Some format choices that I see are:
XViD
H.264
AC3 5 1
DivX
AVI
MPEG-1
MPEG-2
MPEG-4
MP4
MOV
WMV

probably more.

How do these various formats rank in comparison to each other?

Thank you.

unskinnyboy
20th April 2008, 15:29
You are comparing the wrong things to each other. In your list you have containers, video codecs, an audio compression format & a video compression standard. What you need to do is to do some Googling or go to Wikipedia or something and read up on what each of the ones you listed is. You can also use the search function here. You shouldn't expect to get spoon-fed here.

A standalone DVD player would only play MPEG-1 & MPEG-2, so it's not like you have a lot of choices there. Of the two, MPEG-2 is what you should use assuming your source is a DVD or something such.

To play from a hard drive, you have a lot of options - I'd recommend Xvid or x264 in an MKV container.

fibbingbear
21st April 2008, 05:39
Unskinnyboy is right.
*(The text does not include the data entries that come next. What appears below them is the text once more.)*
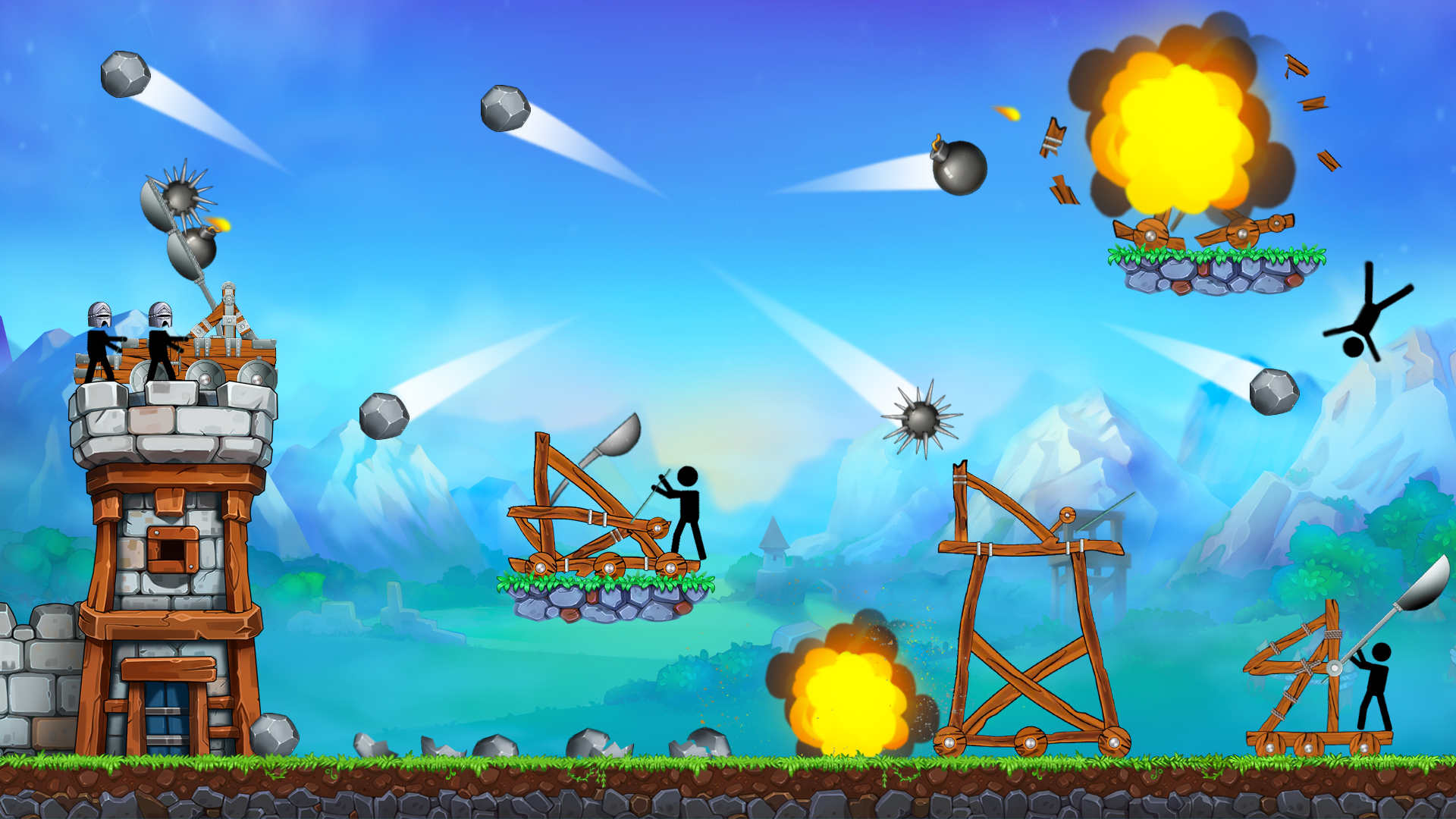 اسکرین شات 8 بازی The Catapult - Stick man Throw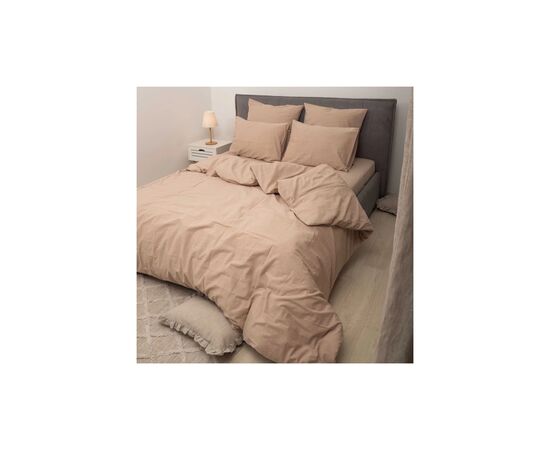 Постельное белье MirSon Cream beige Вареный хлопок 200х220 (2200007885329), изображение 5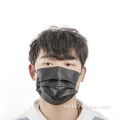 Earloop 510k CE desechable Custommedical Black 3ply Mask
Some other things to keep in mind:

"Mainstream" Containers are typically:
MP4
AVI
MKV


"Mainstream" Video Codecs are typically:
MPEG1
MPEG2
DIVX / XVID
H.264
VC-1 (WMV)

"Mainstream" Sound codecs are typically:
AC3
MP3
AAC


You need to choose one of each, in essence (VC-1 / WMV may be less flexible... not 100% positive).

The most important factors to consider are 1.) what does your hardware play, and 2.) what's the lifetime expectancy of the format/codec/etc.

Some DVD players will also play DivX as long as it is encoded in a certain way (look up info about "profiles"). Most won't, though.

As Unskinnyboy says, your computer should be able to play any of them, although if you have a slow computer, DivX will be less resource intensive.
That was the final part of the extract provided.